Scrolling up to the top:
0000 2f61 6e6e 6f75 6e63 6531 303a 6372 ../announce10:cr
6561 7465 6420 6279 3133 3a75 546f 7272 eated by13:uTorr
656e 742f 3232 3130 3133 3a63 7265 6174 ent/221013:creat
696f 6e20 6461 7465 6931 3630 3738 3233 ion datei1607823
3933 3865 383a 656e 636f 6469 6e67 353a 938e8:encoding5:
uTorrent 2.2.1, released in 2011, was used in 2020 to create this file. When creating the torrent file, uTorrent failed to correctly convert UTF-16 to UTF-8. A naïve implementation of UTF-16 to UTF-8 maps each UTF-16 character to a UTF-8 character. That works for most text but falls over when the character is part of a surrogate pair. When surrogate characters are encoded, you're left with WTF-8 text, in this case filenames. The BitTorrent 1.0 spec mandates UTF-8 filenames. Either by mistake, but more likely for compatibility with torrents that (incorrectly) use a different character set, when downloaded, rTorrent creates files with the malformed filenames. This is a prime example of how critical it is to get your text encoding right. Poor text encoding is contagious, in this case, spreading from computer system to computer system by P2P or copied by other means, forcing other software to handle it downstream.
JSON Decoding
Trying to keep invalid UTF-8 out of my strings and learning about the evolution of Perl’s Unicode handling, I became skeptical about the correctness of my JSON decoding and ran some tests.

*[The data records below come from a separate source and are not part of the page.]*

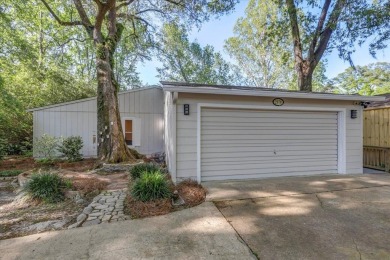*Bonus space attached to the primary suite could function as an on Killearn Country Club and Inn in Florida - for sale on GolfHomes.com, golf home, golf lot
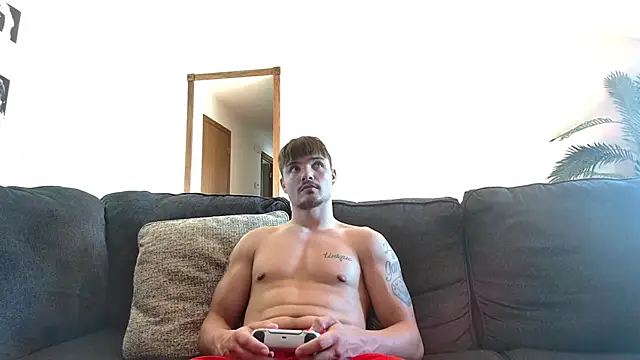 derekmontana2 online show from June 17, 10:55 pm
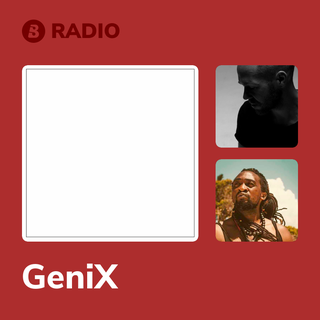 GeniX Radio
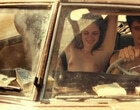 Kristen Stewart flashing her stunning boobs clips
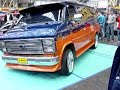 Car Show video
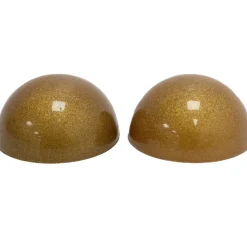 Bold Cacaoboter Gekleurd Queens Gold Glitter 230g* Chocolade Kleurstoffen|Chocolade Kleurstoffen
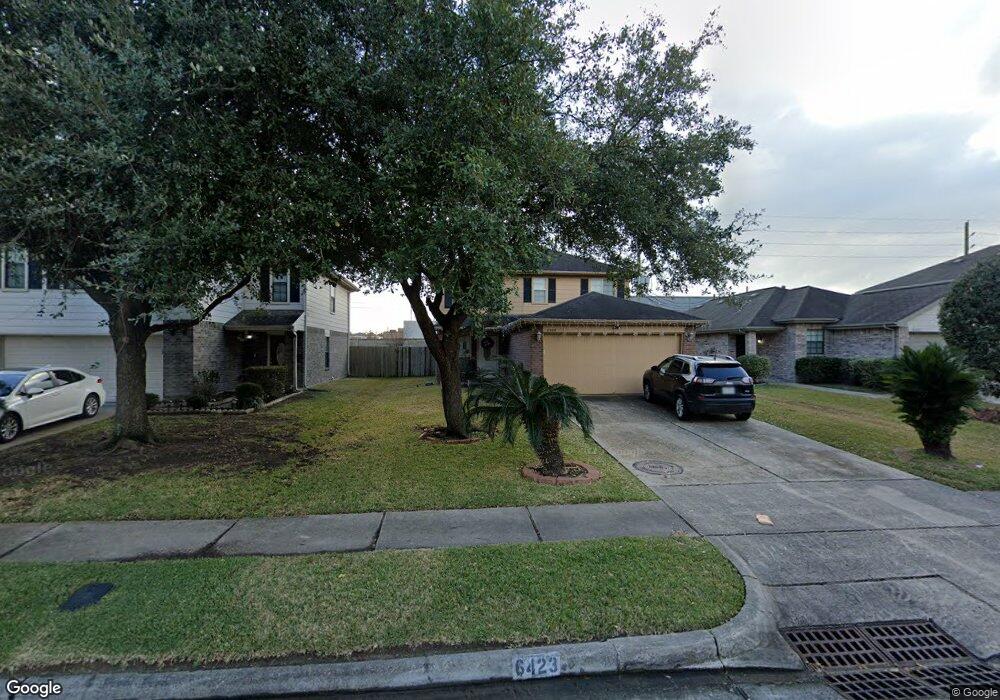 6423 Sutton Meadows Dr, Houston, TX 77086 - photo 1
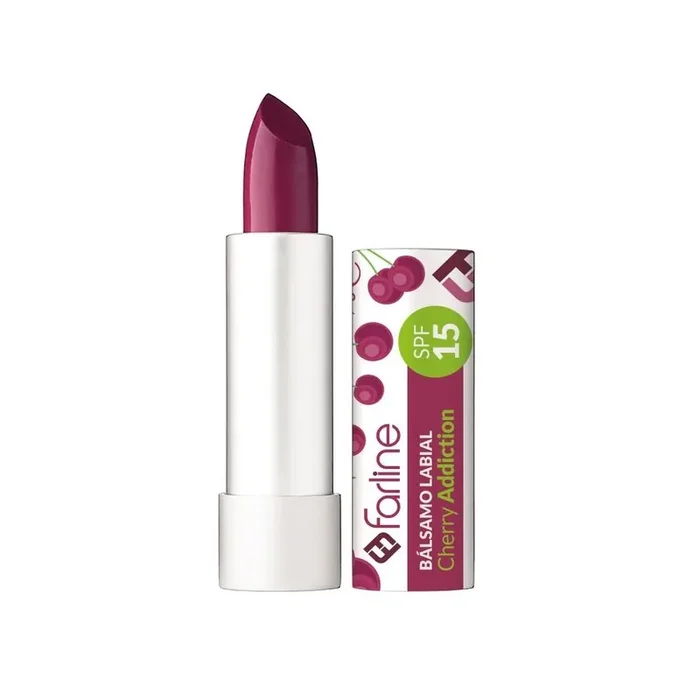 Farline Labial Cherry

I noticed a discrepancy between how escaped non-characters and surrogates were handled versus encoded ones. Escaped non-characters warned and escaped surrogates errored, but encoded ones of either were ignored.
The non-character warning appeared to be from pre-Corrigendum #9 days when they weren’t legal to interchange so it was removed and handled the same as encoded non-characters.
The surrogate issue
was more severe, as it allows malformed JSON to silently infect your
strings with invalid Unicode. Conveniently it used Perl’s internal
UTF-8 decoding functions, so the fix to Cpanel::JSON::XS
involved
just passing UTF8_DISALLOW_SURROGATE
on applicable Perls.
Thank you Reini
Urban (rurban) for reviewing and merging! This vulnerability still in
exists in two of the other popular Perl JSON decoders, JSON::XS
and
JSON::PP
, neither of their maintainers responded to my bug report.
For MHFS, these
fixes haven’t been strictly necessary as JSON decoding right
now is localized to decoding data from The Movie Database (TMDB),
and it hasn’t been observed outputting malformed data, however, it
will be good for peace of mind. It’s on the to-do list to prefer
using Cpanel::JSON::XS
when available.
Wrap up
Proper Unicode handling isn’t trivial but is worth implementing whether it’s for internationalization or emojis. It’s impressive Unicode was able to be added to Perl in such a late state, but the end result isn’t foolproof and shows how the lack of nominal typing can be a hindrance to writing a correct program. Though they may look like them, filenames are not necessarily strings and require careful handling to store and transmit. Text handling isn’t perfect in MHFS and continues to be improved but getting it right in various areas has been satisfying.